We had team meetings about Patient V, as we did for every patient admitted to this specialized ward. I will never forget our initial meeting. We were discussing how he hurt his neck and why he fell to the ground without warning. As the team lead, his neurologist (a medical doctor specializing in the nervous system), opened the discussion with this question:
“Does anyone here crack their neck?”
I sheepishly raised my hand with just a few others in a room of 20-some specialists. He looked me in the eye, likely because I was the treating PT, and said:
“Stop. You know you have a major artery running through your cervical spine [the neck vertebrae]. Over time you risk injuring that artery. That’s similar to what this guy did.”
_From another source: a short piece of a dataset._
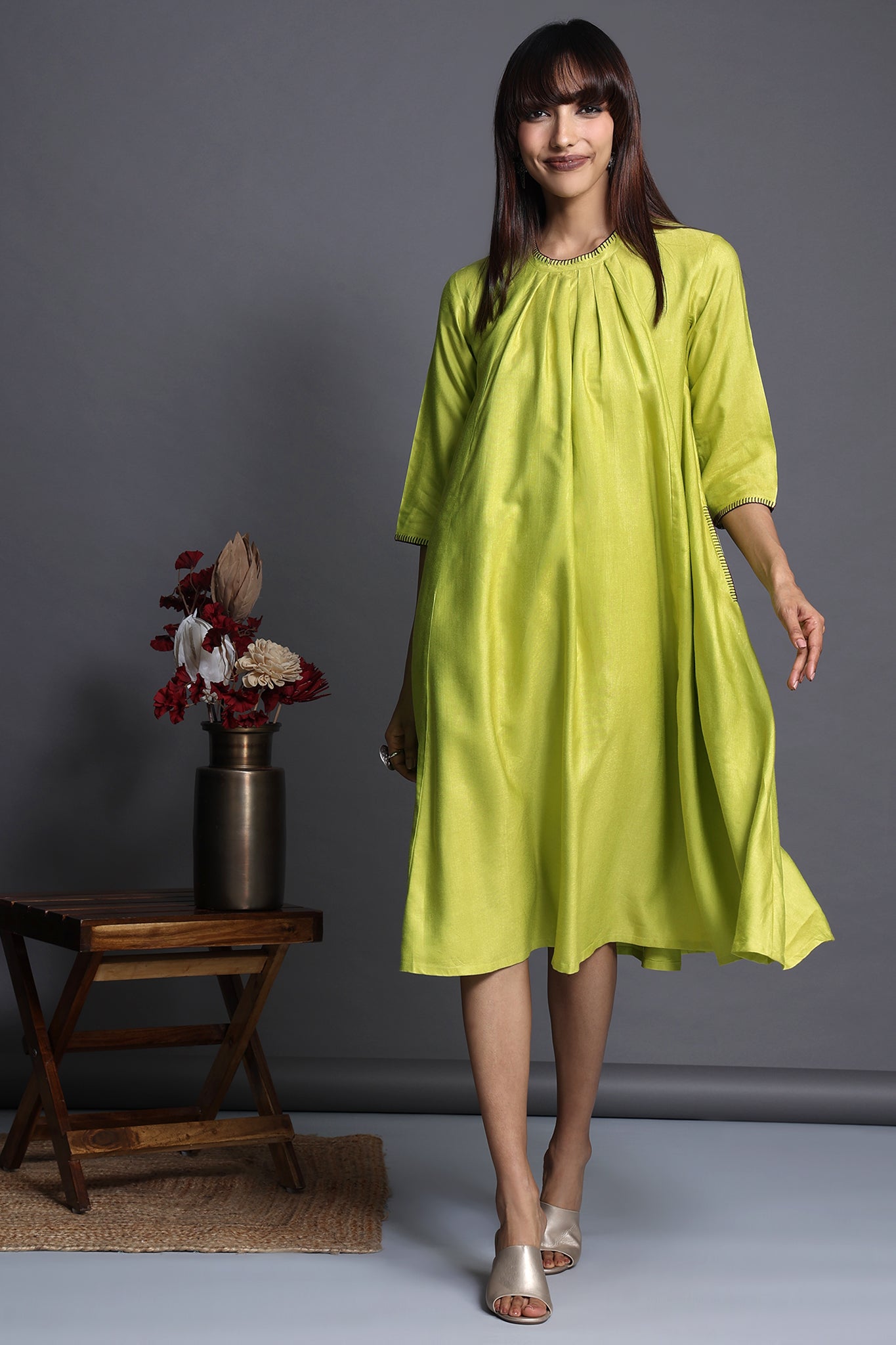 crew neck silk pleated dress - glinting lime & silk radiance - maati crafts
Patient V had a history of cracking his neck, but the actual injury occurred while he was doing traditional sit-ups–he pulled too hard on his neck and injured the artery. The result was several mini-strokes and persistent vertigo. It was the vertigo that caused the sudden falls.
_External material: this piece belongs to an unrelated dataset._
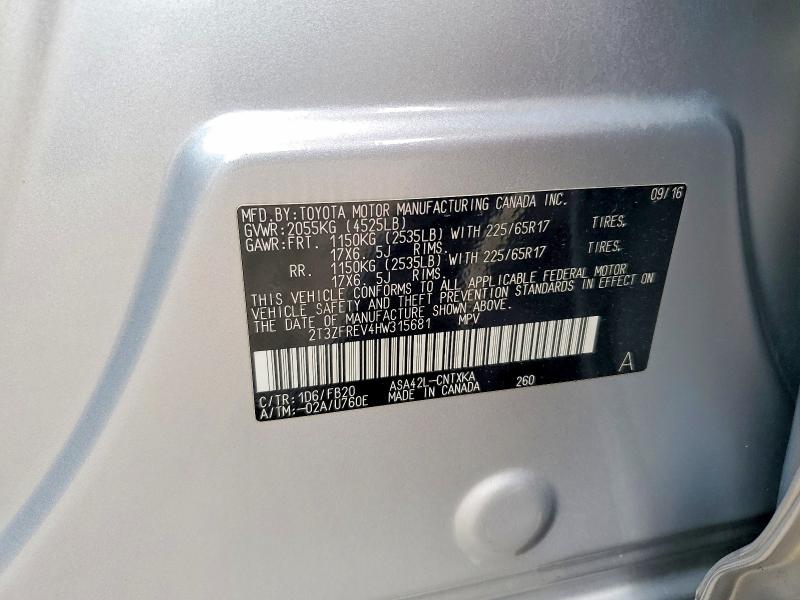 Aukcja sprzedaży 2017 Toyota Rav4, vin: 2T3ZFREV4HW315681, numer aukcji: 55892996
So please stop cracking your neck. For a few weeks you will feel the need to pop it, but over time that feeling will go away. You can also supplement with other therapeutic exercises that will mobilize the neck safely and effectively. At MtM we teach techniques for proper abdominal work that guide you out of not only using your neck incorrectly during exercise but also train your hand placement to assist your head during the lift portion. Given all the content out there these days for virtual workouts, we are super proud that our expertise translated well. But as the weather breaks and Covid numbers continue to decline, you will see us safely in person more as we adjust the schedule. Follow me on Instagram @drmeganbrown and @mindthemat for updates!
The next time you feel that urge to crack your neck, try these basic range of motion exercises instead:
Cervical Spine Range of Motion
Start all movements with this set up:
Sit on a firm chair with a wide stance.
Breathe in deeply as you lengthen the top of your head to the ceiling, thus elongating your spine.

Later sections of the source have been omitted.